I can’t help but wonder how relationships truly work, much like having children, there is no instruction manual. Sure you can count on the experience of generations before you, behavioral studies, text book cases and all kinds of expertise, but no matter the repetitive behaviors of humans… no two people are alike. We may all agree that there is no need to over react, or no need to be hyper sensitive or no need to be aggressive, but this doesn’t change the fact that I am not Harry, Harry is not Bill, Bill isn’t Bob and so on, sure the basics count like listening and empathy but these basics are model of understanding and behavior… face it, we are shaped and modeled by the experiences we have through out life. Our experiences determine our understanding, our languages and meanings behind words and actions, and this baggage is not often easy to shed.
It’s never personal, our reactions to things, sometimes it’s merely that… a reaction, it is a reaction based on years of unmodified behaviors and it may not be the right reaction, but it isn’t personal.
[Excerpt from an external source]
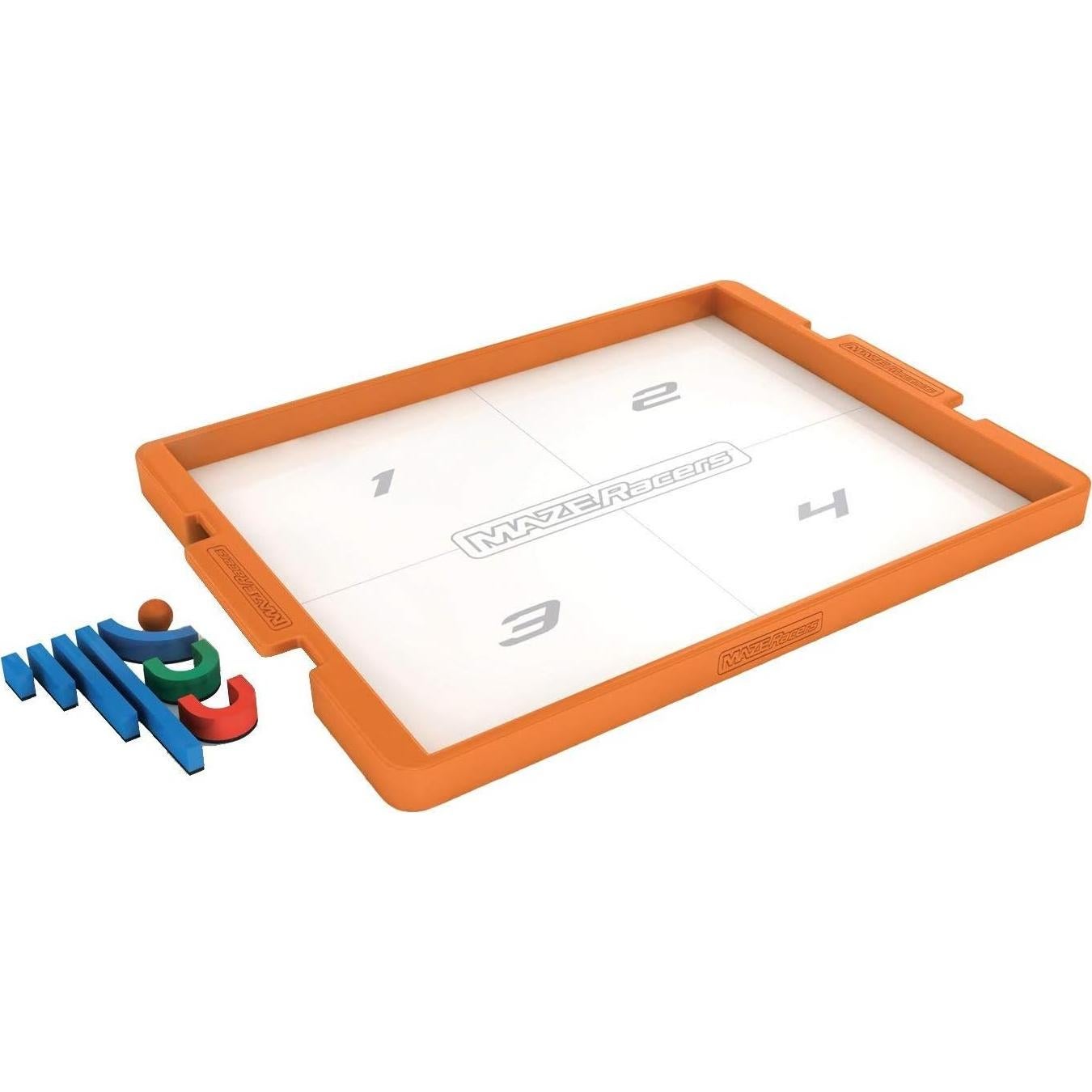 FoxMind Games: Maze Racers, Exciting Building and Racing Board Game, Competitive Gameplay, 2 to 4 Players, Small Parts Included, For Ages 8 and up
This much I’ve come to learn over the months with Mony, I don’t mean to react directly towards her as if she is the enemy, but if I do react in a habitually negative way, well it certainly feels personal to her though it isn’t… it’s just a crappy reaction, generally unnecessary.
I guess the point I’m trying to make is (and I’m not justifying bad behaviors) we bring to relationships our experiences and our reactions to experiences, some good, some bad, but those reactions need to be kept in check and less knee jerk and more thought out, especially when reacting to another bad habit or behavior… Mony isn’t my ex, nor any other woman for that matter, she isn’t my kid, my business partner, a neighbour, enemy or some random ‘so called friend’… she is someone I am going to spend the rest of my life with (at least that’s the plan) and we both need to work on our reactions… which are sometimes nothing but bad habitual behaviors that have gone unchecked. Those are the actions that make things worse, and it’s those actions that need to be modified in order to move past the problems.
Sometimes we need to pause and validate our feelings when we feel them, before reacting to them… sometimes we need to shut up and just listen and forget about ourselves, but all the time we need to remember that our loved ones, our partners, our bestest friends in the whole wide world… that person we share our most intimate secrets with is not part of the demons that shaped and molded us… they are their own people and even if their bad behaviors remind us of some other person’s bad behaviors, we need to pause and remind ourselves they are not anyone else.